- [DIRECTIONS]:
In the listing below, locate the lines that hold "Foto" and copy them.

- [INFORMATION PROVIDED]:

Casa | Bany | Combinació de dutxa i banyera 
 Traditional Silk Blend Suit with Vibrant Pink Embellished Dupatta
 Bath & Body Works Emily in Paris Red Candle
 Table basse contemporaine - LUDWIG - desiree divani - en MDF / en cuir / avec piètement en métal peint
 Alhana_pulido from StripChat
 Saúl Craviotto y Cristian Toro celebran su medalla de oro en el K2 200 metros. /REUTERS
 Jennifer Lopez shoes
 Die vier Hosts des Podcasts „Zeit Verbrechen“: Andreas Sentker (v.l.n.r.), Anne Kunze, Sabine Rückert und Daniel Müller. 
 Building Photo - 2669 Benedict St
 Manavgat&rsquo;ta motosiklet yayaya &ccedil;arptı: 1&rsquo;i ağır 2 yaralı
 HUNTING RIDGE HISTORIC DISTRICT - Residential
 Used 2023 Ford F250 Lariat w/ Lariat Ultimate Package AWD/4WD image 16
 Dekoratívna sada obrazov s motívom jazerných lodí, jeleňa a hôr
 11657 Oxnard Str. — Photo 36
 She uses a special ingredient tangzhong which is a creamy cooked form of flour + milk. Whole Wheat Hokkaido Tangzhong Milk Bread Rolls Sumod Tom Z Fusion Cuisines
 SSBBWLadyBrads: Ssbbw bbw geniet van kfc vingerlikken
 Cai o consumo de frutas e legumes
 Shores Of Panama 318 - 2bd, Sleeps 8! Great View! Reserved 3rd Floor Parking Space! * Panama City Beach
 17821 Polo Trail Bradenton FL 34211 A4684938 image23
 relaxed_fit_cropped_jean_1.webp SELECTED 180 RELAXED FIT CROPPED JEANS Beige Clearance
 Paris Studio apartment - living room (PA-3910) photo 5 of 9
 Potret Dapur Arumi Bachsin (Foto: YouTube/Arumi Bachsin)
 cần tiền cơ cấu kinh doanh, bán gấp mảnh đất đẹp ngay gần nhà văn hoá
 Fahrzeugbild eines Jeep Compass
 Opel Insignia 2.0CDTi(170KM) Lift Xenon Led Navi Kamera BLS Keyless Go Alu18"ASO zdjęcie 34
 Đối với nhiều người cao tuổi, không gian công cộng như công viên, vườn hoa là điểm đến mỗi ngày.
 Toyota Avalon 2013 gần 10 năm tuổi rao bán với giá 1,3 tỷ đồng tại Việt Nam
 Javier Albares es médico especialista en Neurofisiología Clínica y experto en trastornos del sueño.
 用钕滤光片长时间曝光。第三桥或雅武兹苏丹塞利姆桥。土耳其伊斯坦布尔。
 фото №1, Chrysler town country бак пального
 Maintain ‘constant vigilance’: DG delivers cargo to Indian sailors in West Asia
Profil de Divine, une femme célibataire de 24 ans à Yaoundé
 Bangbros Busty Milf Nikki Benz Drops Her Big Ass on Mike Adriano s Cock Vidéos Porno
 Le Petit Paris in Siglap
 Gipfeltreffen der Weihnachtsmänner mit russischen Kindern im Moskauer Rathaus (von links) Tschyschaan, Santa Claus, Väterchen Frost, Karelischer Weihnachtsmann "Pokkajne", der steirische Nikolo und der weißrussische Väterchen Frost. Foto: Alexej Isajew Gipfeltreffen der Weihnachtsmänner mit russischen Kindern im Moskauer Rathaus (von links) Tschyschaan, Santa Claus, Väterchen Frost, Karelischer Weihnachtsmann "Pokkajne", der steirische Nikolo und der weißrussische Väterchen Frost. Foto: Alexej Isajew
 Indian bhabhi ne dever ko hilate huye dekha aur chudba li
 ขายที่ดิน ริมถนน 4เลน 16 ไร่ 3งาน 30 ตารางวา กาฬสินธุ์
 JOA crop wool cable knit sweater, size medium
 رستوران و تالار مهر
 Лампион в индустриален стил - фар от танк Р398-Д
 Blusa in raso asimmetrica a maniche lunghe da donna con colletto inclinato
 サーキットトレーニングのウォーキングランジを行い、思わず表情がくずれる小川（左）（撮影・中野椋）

- [EXERCISE OUTPUT]:
 Potret Dapur Arumi Bachsin (Foto: YouTube/Arumi Bachsin)
 Gipfeltreffen der Weihnachtsmänner mit russischen Kindern im Moskauer Rathaus (von links) Tschyschaan, Santa Claus, Väterchen Frost, Karelischer Weihnachtsmann "Pokkajne", der steirische Nikolo und der weißrussische Väterchen Frost. Foto: Alexej Isajew Gipfeltreffen der Weihnachtsmänner mit russischen Kindern im Moskauer Rathaus (von links) Tschyschaan, Santa Claus, Väterchen Frost, Karelischer Weihnachtsmann "Pokkajne", der steirische Nikolo und der weißrussische Väterchen Frost. Foto: Alexej Isajew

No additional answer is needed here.